I hear much of Anthony Braxton’s “Ghost Trance Music” (GTM) as coming close to this kind of conception (and also to George E Lewis’s “multidominance” concept as discussed in section 1.4). GTM is a musical strategy which Braxton developed between 1995 and 2006, culminating in the nine CDs of 9 Compositions (Iridium) 2006, performed over four consecutive nights with a group of thirteen instrumentalists (including Braxton himself) who were all deeply versed in his music and had participated to a significant degree in its evolution up to that point. It consists of a number of more or less distinct layers, one or more of which will be operative at any point in a performance, their entries and exits cued by different members of the ensemble. The composition itself comprises a “primary melody” constituting the backbone of the composition which generally begins as a unison at its beginning, and “secondary material” which may be inserted at specific points in the performance. To these may be added “tertiary material” drawn from any of Braxton’s other notated compositions (thus including other GTM pieces) and improvisations based on Braxton’s concept of “language music” (see section 1.2.5). The most engaging moments for me in this music are when several layers (there can be more than four in fact, since more than one instance of a given type of material might be active at the same time) are constantly changing in mutual perspective, coming in and out of focus, merging and diverging.

The discussion of seeded improvisation and its development through my work continues with the compositions discussed in part 2, and in particular tendril and šuma from close-up (sections 2.2.1 and 2.2.6 respectively).

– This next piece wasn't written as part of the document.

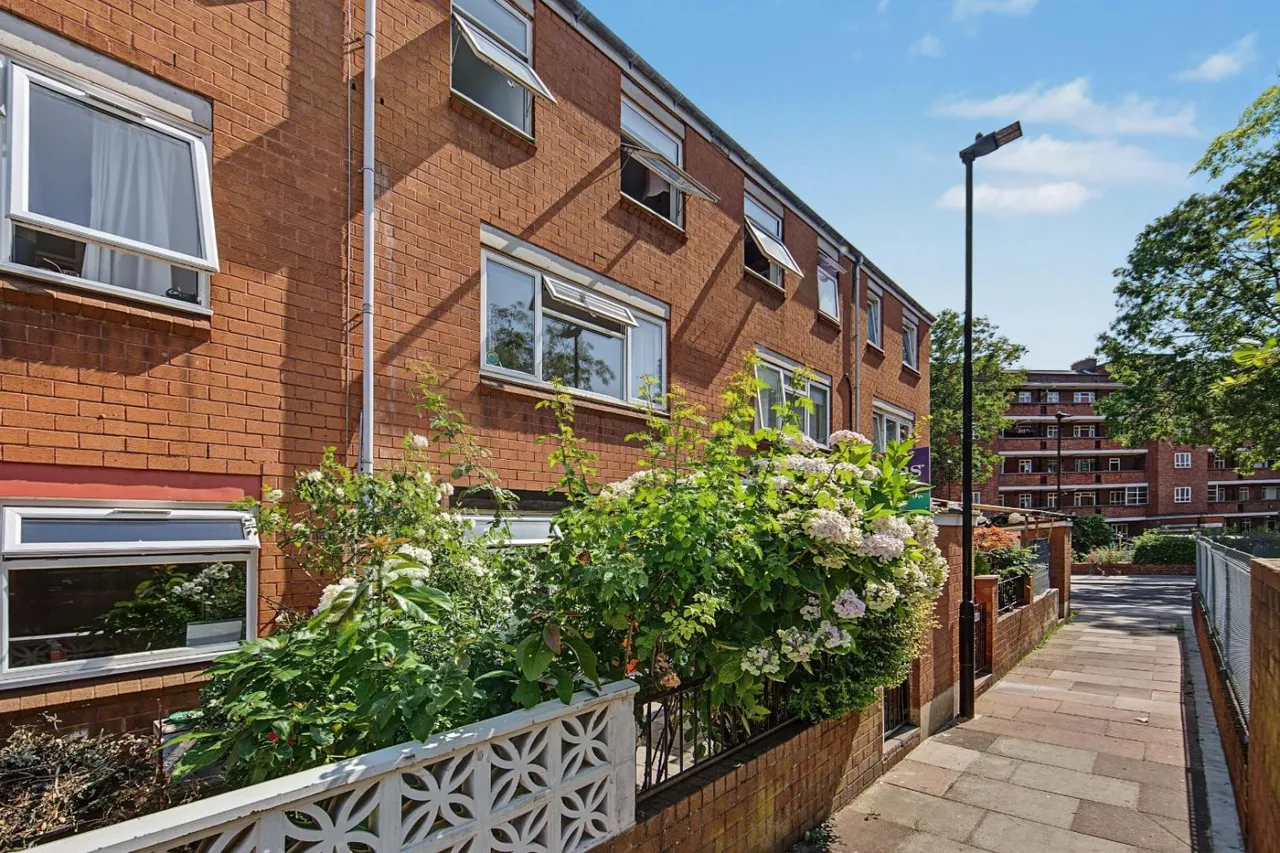 3 bed flat for sale — Hayling Close, London, N16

It also includes cell (2011), a trio for alto saxophone, accordion and contrabass written for the Norwegian group POING.

Although I have nowhere else come across a comparable approach to combining notation and improvisation, I wouldn’t claim that this approach in itself is something new and unprecedented. Perhaps what’s more important to say is that what I am doing is attempting to utilise a wider spectrum of possibilities for imagining and creating situations within which a new music might take place. As time goes on it becomes clearer to me that my development as a musician is not linear but concentric. As with the ideas about notation and improvisation I’ve been discussing, I am interested in finding ways to bring into being a point of focus, a centre of gravity, which renders unnecessary any restrictions on what might happen. Composers often speak of restrictions as being a necessary prerequisite for creativity, which I think is an idea that needs to be questioned when possibly the most important contribution we have to make in the world is to express the possibility of freeing the imagination.